Preacher Perfect?

The day of the preacher has changed. Some of you are thinking, “Preach it, Matthew!” You’re ready for me to attack all the changes that have taken place. Sorry, but I won’t. Years ago, the preacher was someone untouchable. He was put on this pedestal as he wore his robe or suit, elevated high above the people. No one felt that he was approachable. That still rings true today.

This old mindset is still something I battle.  I’m not the pedestal guy in the suit, but I am the hospice chaplain that some put on a show for. I don’t have that so much anymore, but some still do it. Don’t pretend around me! You may or may not be surprised at how human I am.

I say things I shouldn’t say when I get mad (everyone gasps). A lot of preachers wouldn’t confess this. I will. I have to go to God frequently and admit I blew it.
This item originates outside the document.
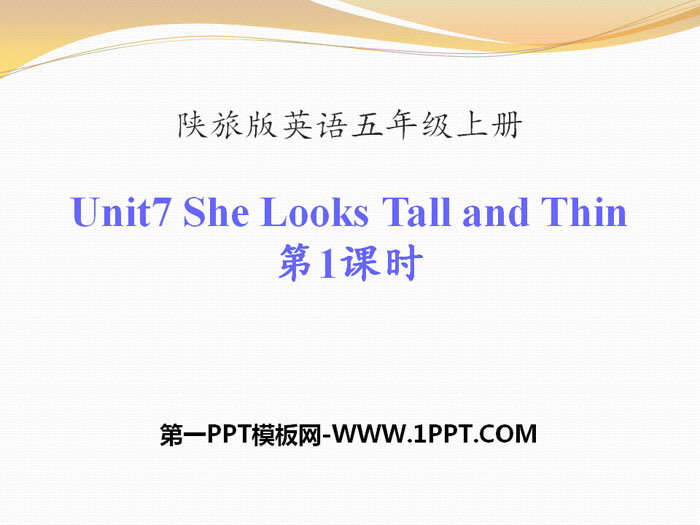 《She Looks Tall and Thin》PPT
I misjudge people (judging is a sin). Many Christians feel that this is a calling. The truth is that Jesus Christ is the final Judge, and I need to keep my nose out of things.

I struggle with forgiveness (and don’t you dare say that I should forgive because I’m a preacher). EVERYONE is supposed to forgive, especially if you know what it is like for Jesus to forgive you!

My feelings get hurt. Yes, preachers have feelings. We often have people spread rumors about us and think they know our intentions. They would rather stir up a campaign against us than biblically come to us and work things out.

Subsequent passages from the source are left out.